Thread names of note:
* `crawl_12345`: scan/dedupe worker threads (the number is the subvol
ID which the thread is currently working on). These threads appear
and disappear from the status dynamically according to the requirements
of the work queue and loadavg throttling.
* `bees`: main thread (doesn't do anything after startup, but its task execution time is that of the whole bees process)
* `crawl_master`: task that finds new extents in the filesystem and populates the work queue
* `crawl_transid`: btrfs transid (generation number) tracker and polling thread
* `status`: the thread that writes the status reports to `$BEESSTATUS`
* `crawl_writeback`: writes the scanner progress to `beescrawl.dat`
* `hash_writeback`: trickle-writes the hash table back to `beeshash.dat`
* `hash_prefetch`: prefetches the hash table at startup and updates `beesstats.txt` hourly
### Dump kernel stacks of hung processes
Check the kernel stacks of all blocked kernel processes:
ps xar | while read -r x y; do ps "$x"; head -50 --verbose /proc/"$x"/task/*/stack; done | tee lockup-stacks.txt
Submit the above information in your bug report.

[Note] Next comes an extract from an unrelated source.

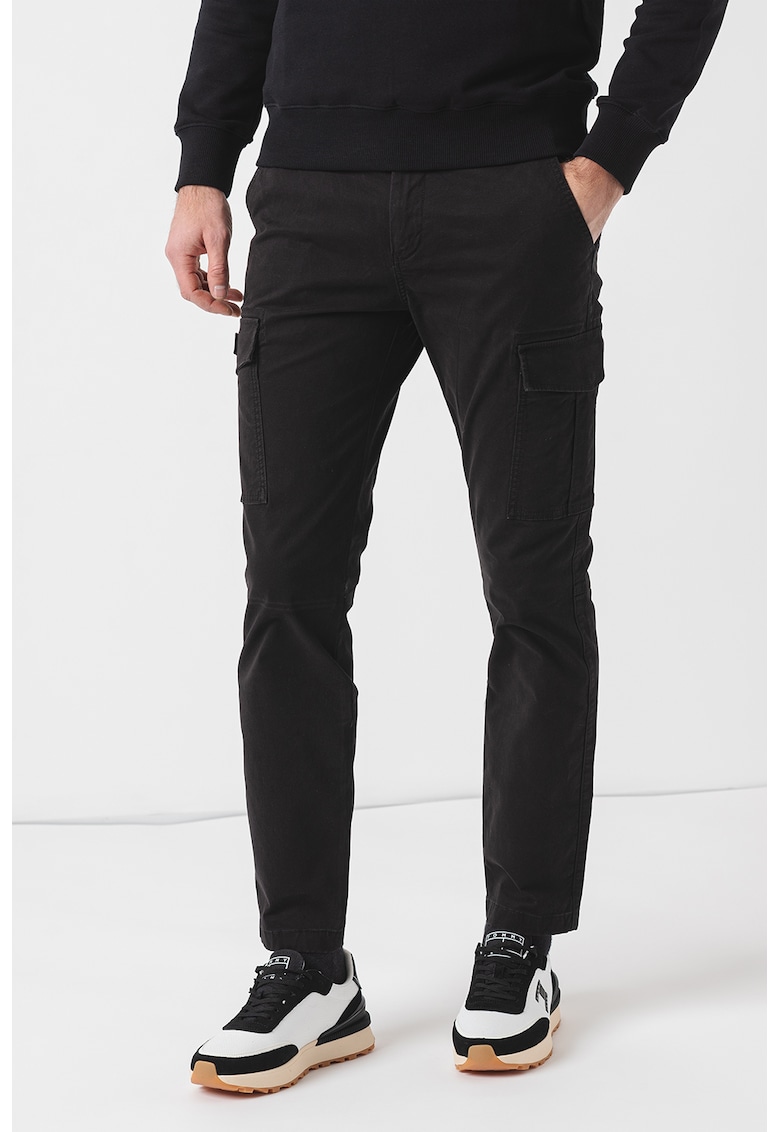 Pantaloni cargo cu buzunare oblice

### Check dmesg for btrfs stack dumps
Sometimes these are relevant too.
bees Crashes
------------
* If you have a core dump, run these commands in gdb and include
the output in your report (you may need to post it as a compressed
attachment, as it can be quite large):
(gdb) set pagination off
(gdb) info shared
(gdb) bt
(gdb) thread apply all bt
(gdb) thread apply all bt full
The last line generates megabytes of output and will often crash gdb.
This is OK, submit whatever output gdb can produce.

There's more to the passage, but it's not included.